El fichaje del ecuatoriano Luis Roggiero a la Universidad de Chile llamó la atención a nivel nacional. Simple, se trataba del primer traspaso de un dirigente tricolor al balompié internacional. Ahora, podemos jactarnos de que también podemos vender dirigentes. Sin embargo, no se trata de un dirigente cualquiera, sino del tan afanado director deportivo.

Con el pasar del tiempo, este tipo de fichajes ya no llamarán la atención. El fútbol sudamericano, bajo la influencia del balompié europeo y norteamericano, están adaptando nuevos modelos y estructuras dentro de los equipos. Y en esta remodelación, el director deportivo es una pieza clave en los clubes.

Nicolás Burdisso en Boca Juniors, Diego Milito en Racing, Enzo Francescoli en River Plate, Leandro Romagnoli en San Lorenzo o Francis Cagigao en la selección chilena fueron de los primeros nombres que empezaron a retumbar en el continente. Sin embargo, Independiente del Valle ya contaba con esa figura desde hace algunos años, a cargo de Roggiero.

Pero, ¿qué hace un director deportivo?

Partamos de la base de que poco a poco se han ido especializando los diferentes perfiles laborales que existen en el fútbol y el director deportivo se ha convertido en una pieza fundamental. Su trabajo debe ir en línea con las necesidades y preferencias del director técnico y el presidente. Aunque también tendrá relación directa con el responsable de las formativas, analistas, médicos, etc.

Se encarga de dirigir la faceta deportiva del equipo, y será el responsable final de las decisiones que se tomen en términos de fichajes, tanto de los jugadores nuevos que llegan como de los que se van. Recibe la información del secretario técnico y ojeadores, para analizar los rendimientos de cada jugador y cómo se puede optimizar su rendimiento en el contexto del propio equipo.

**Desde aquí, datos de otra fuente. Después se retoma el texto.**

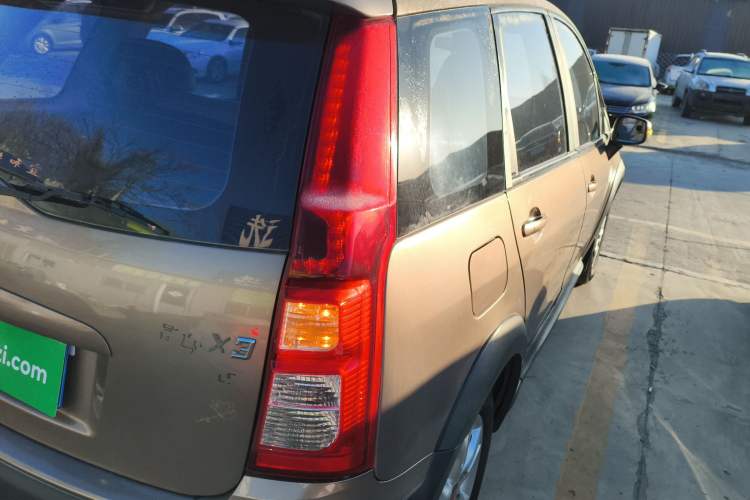 Used FORTHING Joyear X3 2015 1.5L Luxury Model Right Rear Taillight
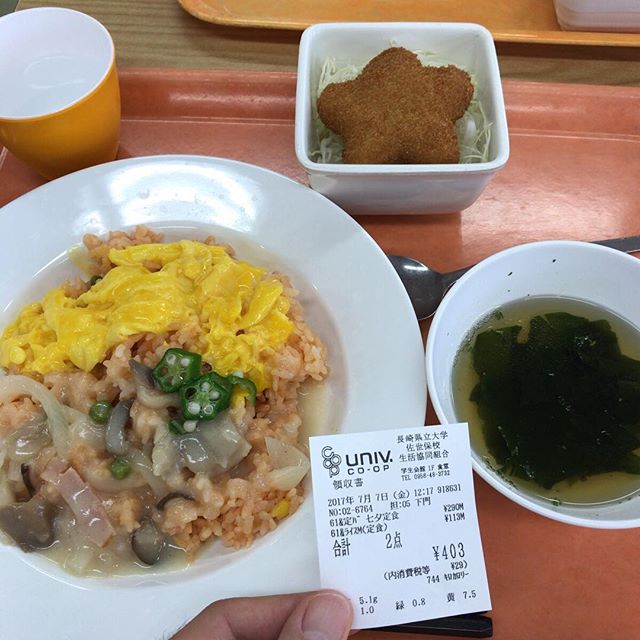 七夕定食！（天の川オムライス、星のコロッケ、ワカメスープ）七夕らしいかと問われれば、あれ？だけど。そう言えば七夕に食べる食べ物ってある？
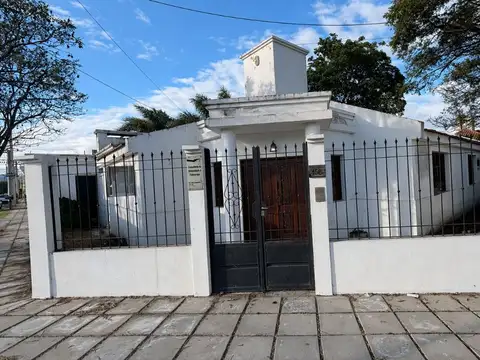 Se vende casa con 2 cocheras - zona alta catamarca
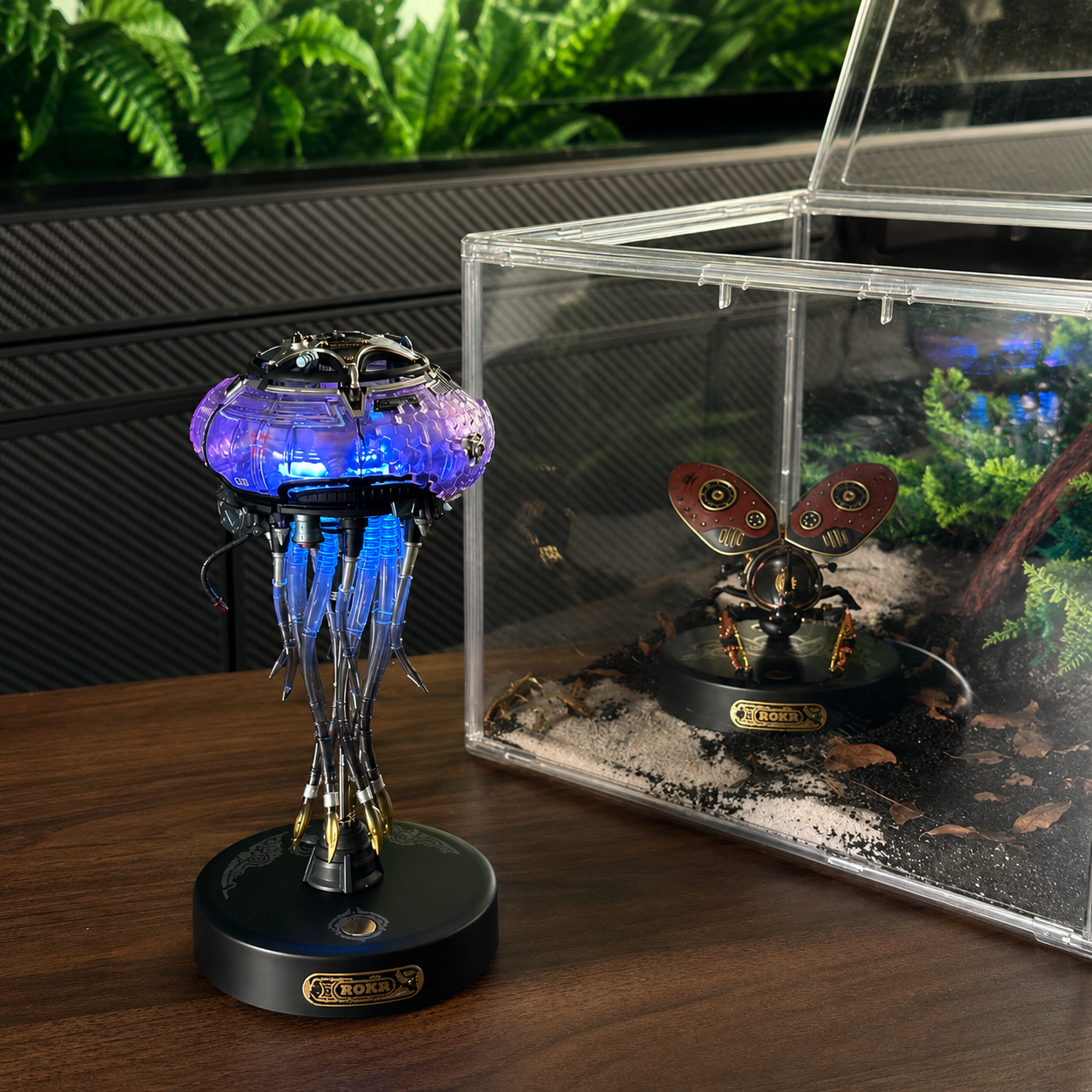 CyberJelly 防塵保護罩桌面展示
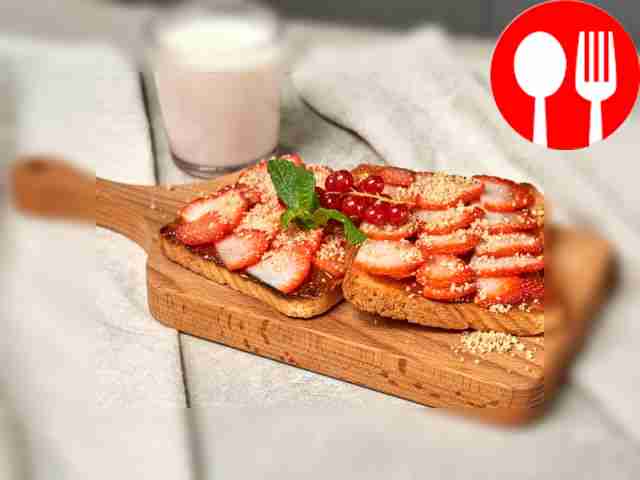 Тост с вареным сгущенным молоком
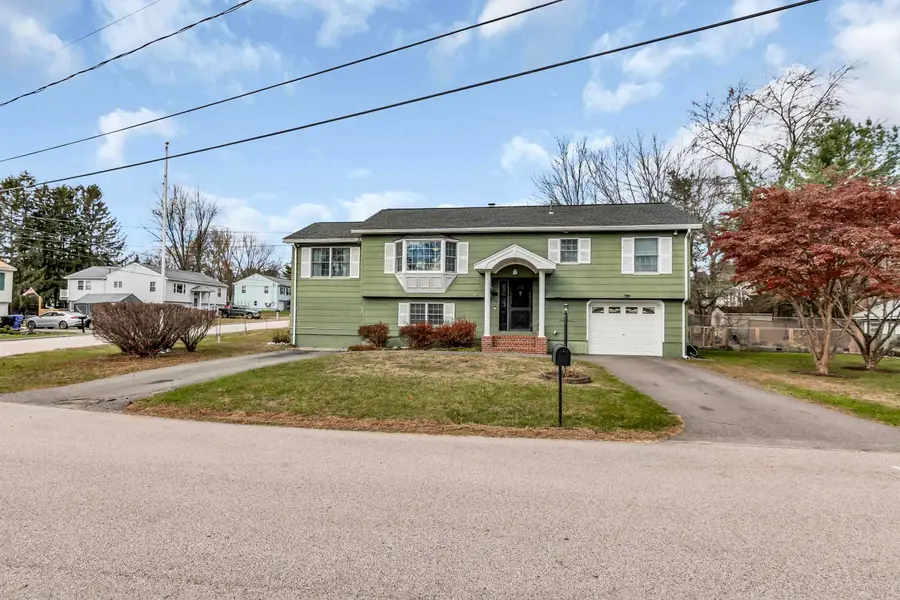 14 Tessier Street, Hudson, NH 03051 - Image #2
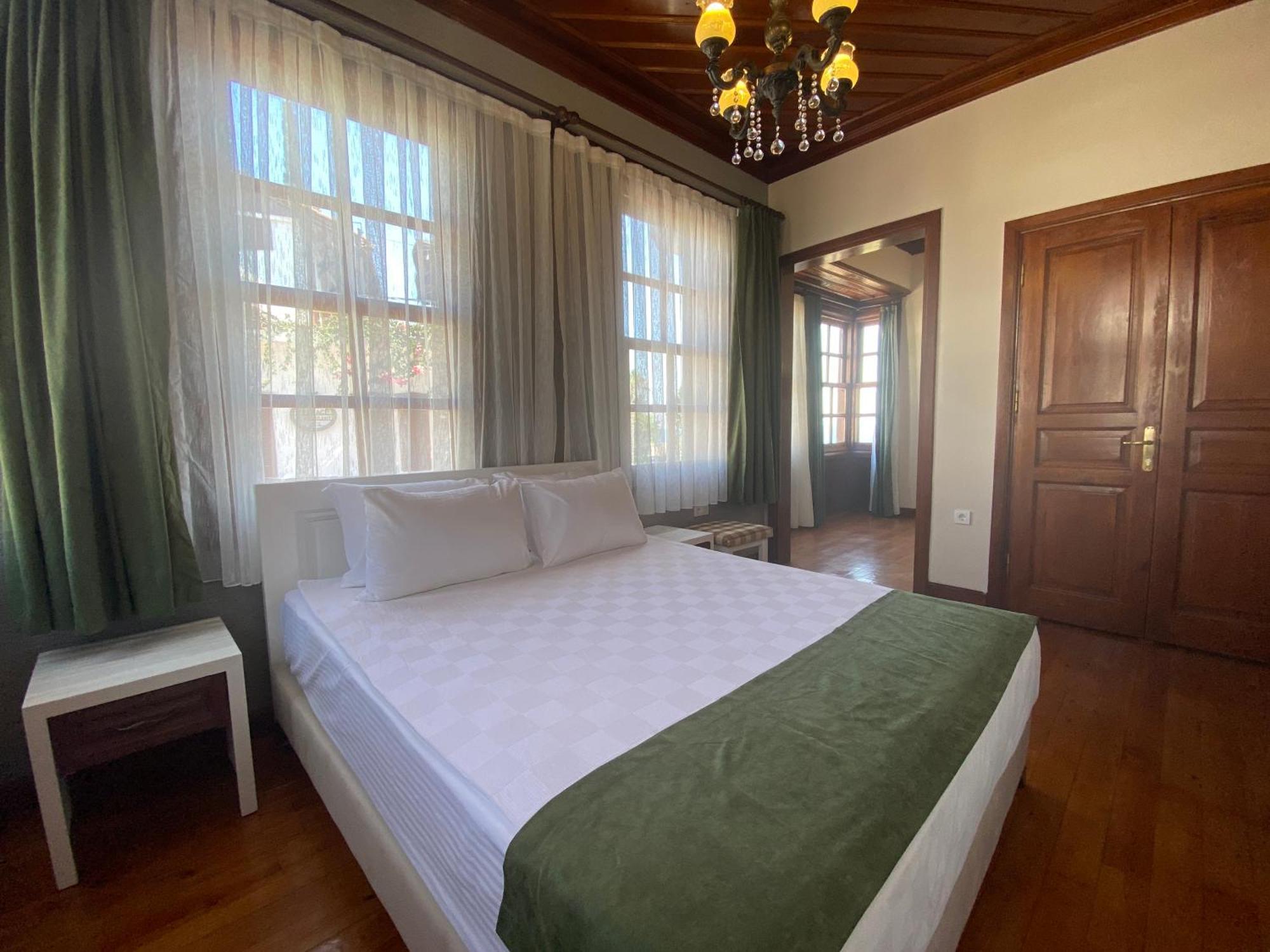 Ulivo Hotel Анталия Екстериор снимка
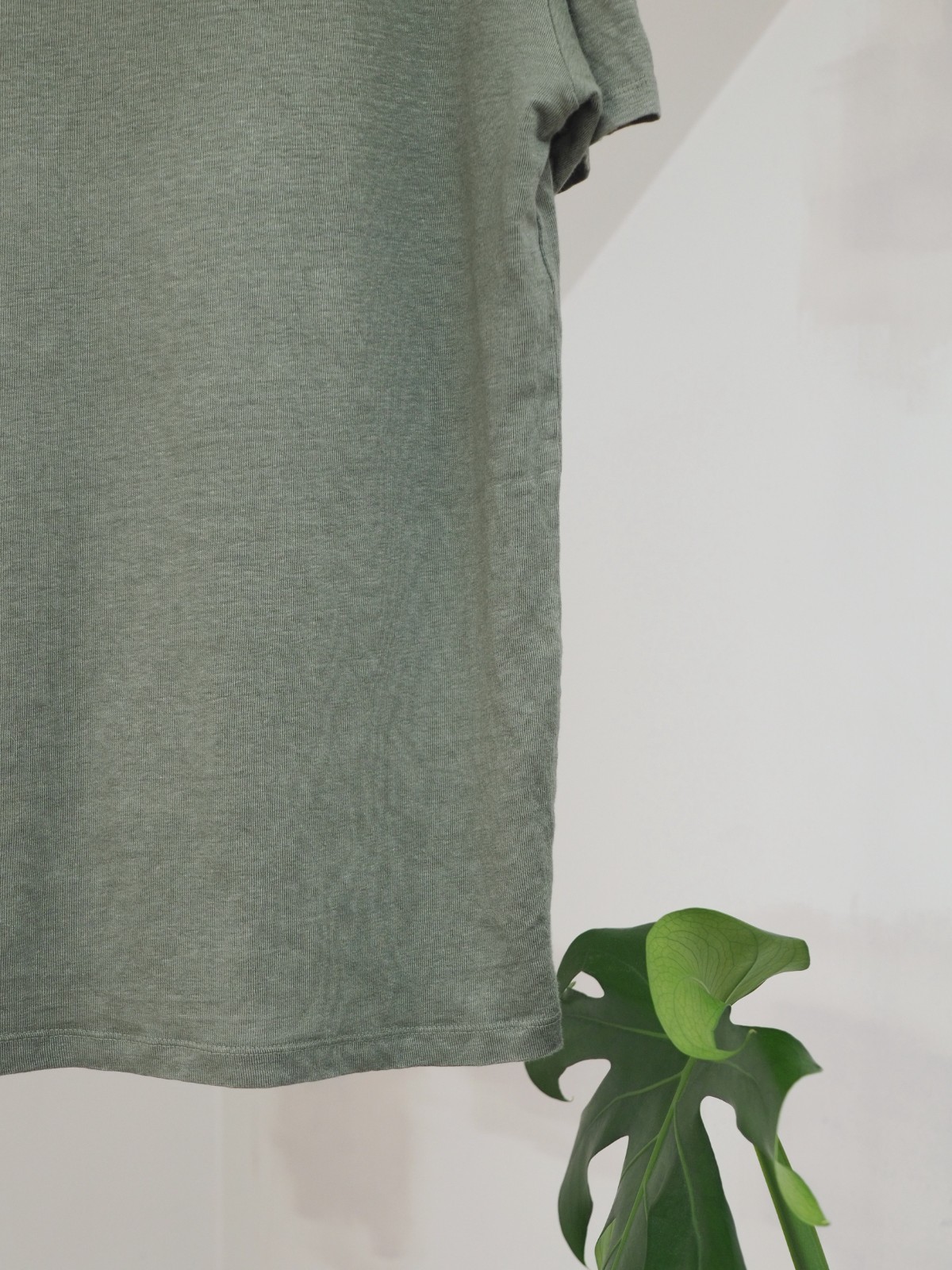 Wool & Co Men's Khaki Green Linen Solid Tee Shirt Size L Made in Italy gallery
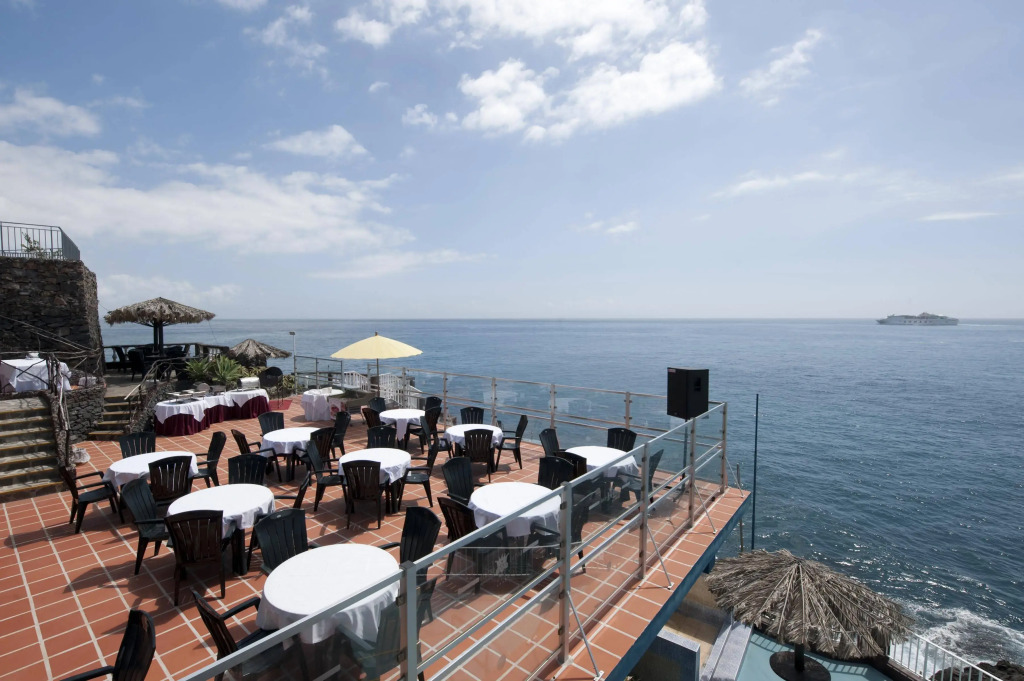 Hotel Roca Mar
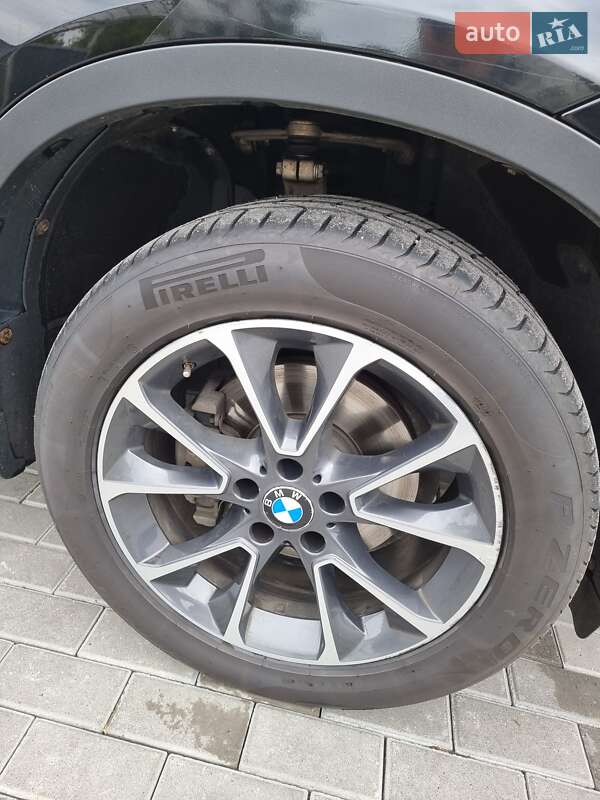 Внедорожник / Кроссовер BMW X5 2015 в Киеве
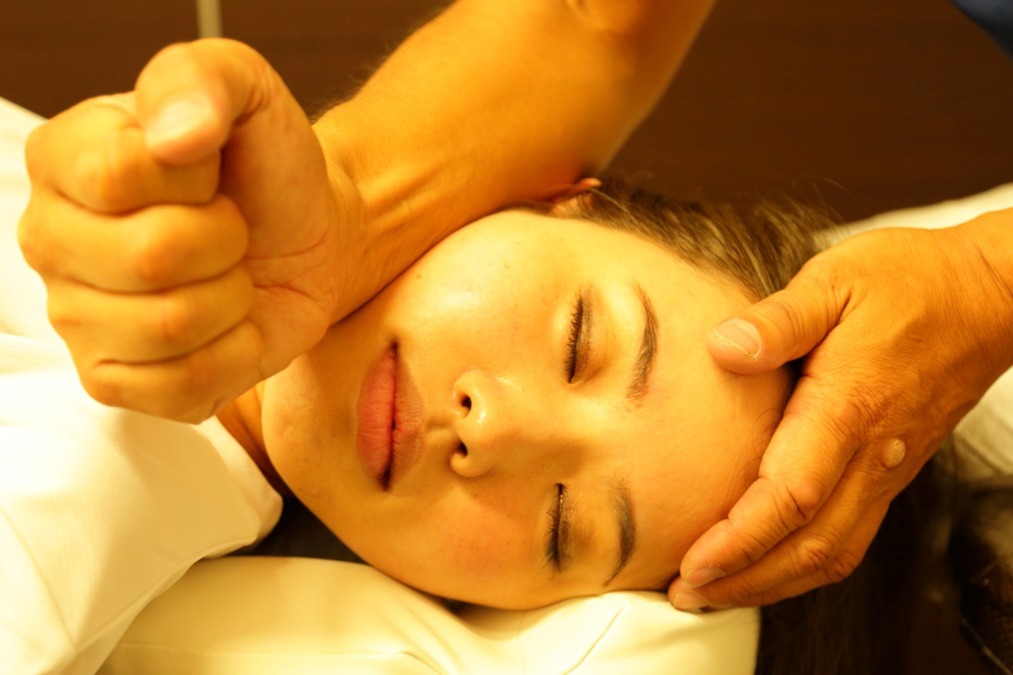 さわやか整体院（整体師の求人）の写真5枚目：小顔や骨盤矯正など、当院独自の人気コースが多く、他店から技術を学びに来る方も！
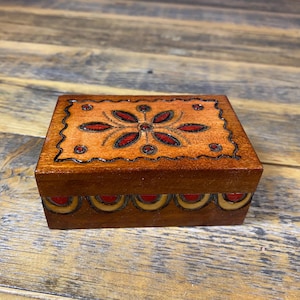 Vintage Hand Carved and Painted Folk Art 3.25” Small Wood Trinket Keepsake Box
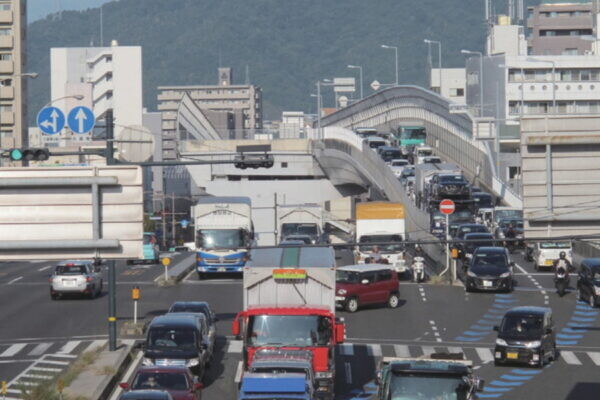 広島ど真ん中の「ブツ切り高架」ついに延伸工事が本格化！ 長期の車線規制で大きな影響か「国道2号“極力使わないで”」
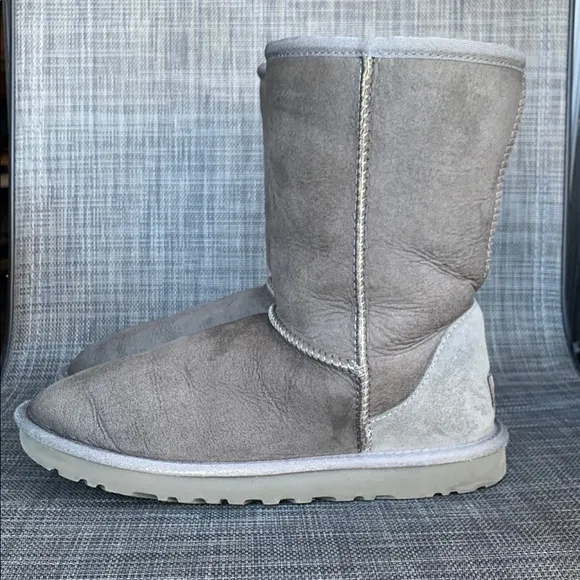 UGG Classic Short II Gray Winter Boots Women’s size 6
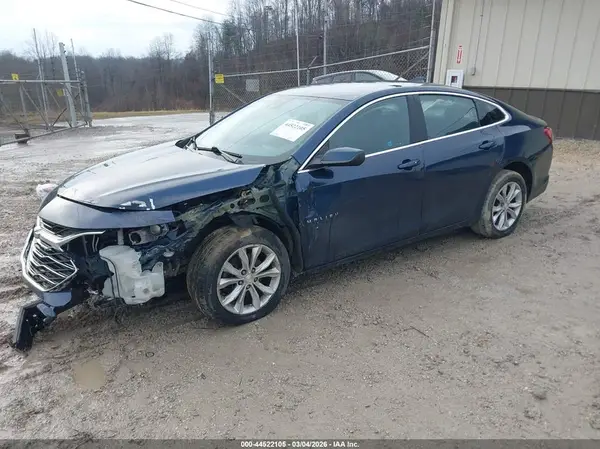 1G1ZD5ST3KF213677 2019 CHEVROLET MALIBU - Image 2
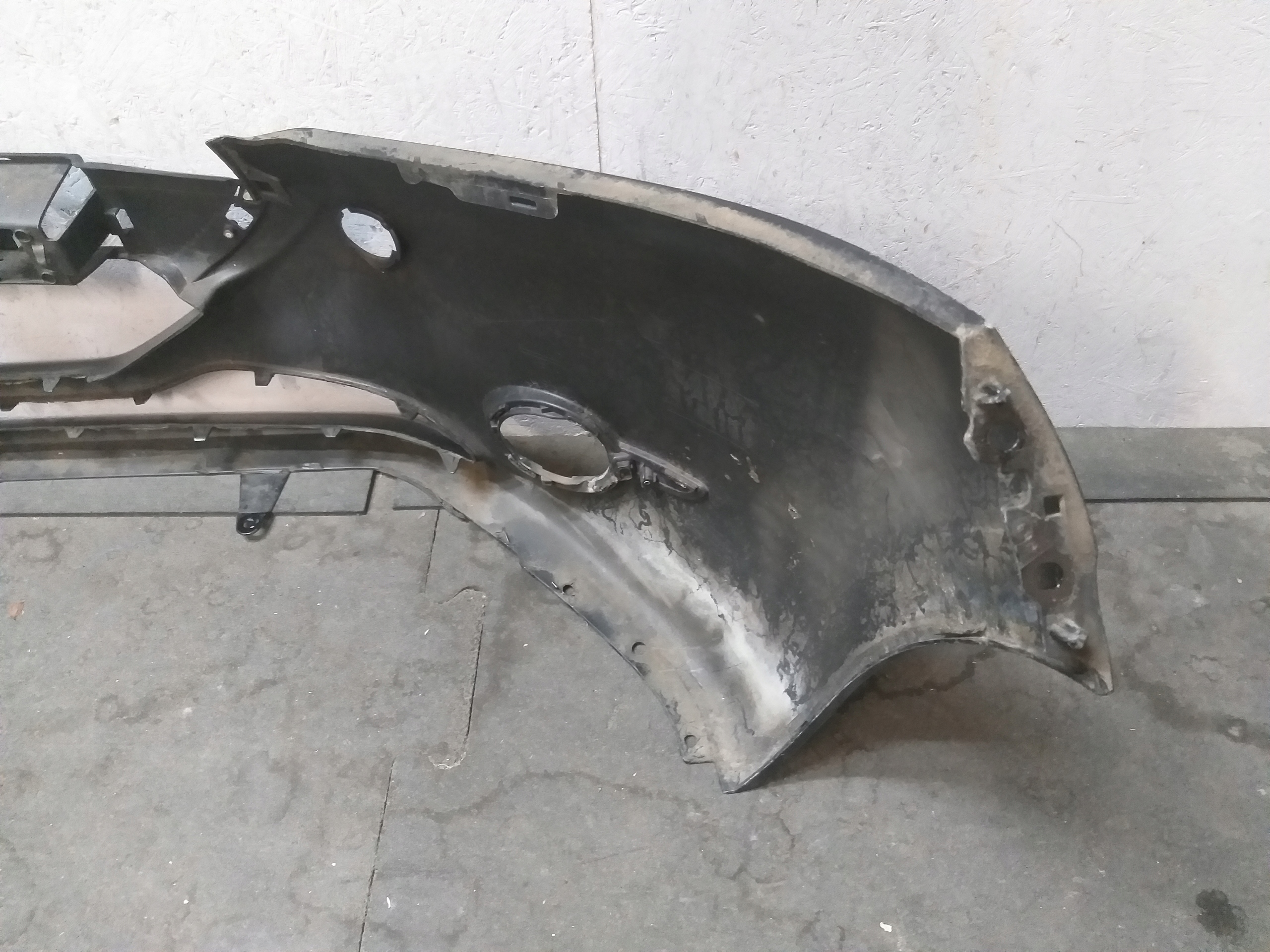NÁRAZNÍK PREDOK PEUGEOT 208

¿Cuál fue la fórmula exitosa de Roggiero? Potenciar mucho las divisiones inferiores para que generen jugadores capaces de aportarle al primer equipo, y elegir con mucha dedicación a jugadores puntuales desde el medio local y el extranjero, sin desembolsar grandes sumas de dinero. Pero ojo, esta es solo una de las tantas recetas que se pueden aplicar.

Influencia extranjera

En Europa, este cargo tiene un peso preponderante. Mucho tiene que ver que allí que, en su mayoría, los clubes forman parte del conglomerado de empresas que maneja un patrón que puede ser un jeque árabe o un empresario millonario. Personas exitosas, pero que poco entienden de la lógica futbolera y que necesitan gerentes que se encarguen de administrar en forma eficiente la unidad de negocios.

En el Viejo Continente son profesionales que pasan de club a club empujados por los éxitos o fracasos deportivos. Es el caso de Peter Kenyon, exdirector de Manchester United durante los gloriosos 90s con Alex Ferguson como DT y más tarde partícipe de la reconstrucción del Chelsea del magnate ruso Roman Abramovich.

En Ecuador, esta figura también está tomando peso. Aparte de Independiente del Valle, varios clubes ya cuentan con directores deportivos a cargo de armar un proyecto que sea rentable y sostenible en el tiempo. En el caso de Emelec está Marcos Mondaini, Luis Fernando Saritama en Deportivo Cuenca o el caso de Gabriel Wainer en la Selección. Roberto Arroyo, antiguo coordinador de formativas en IDV, es el remplazo de Roggiero.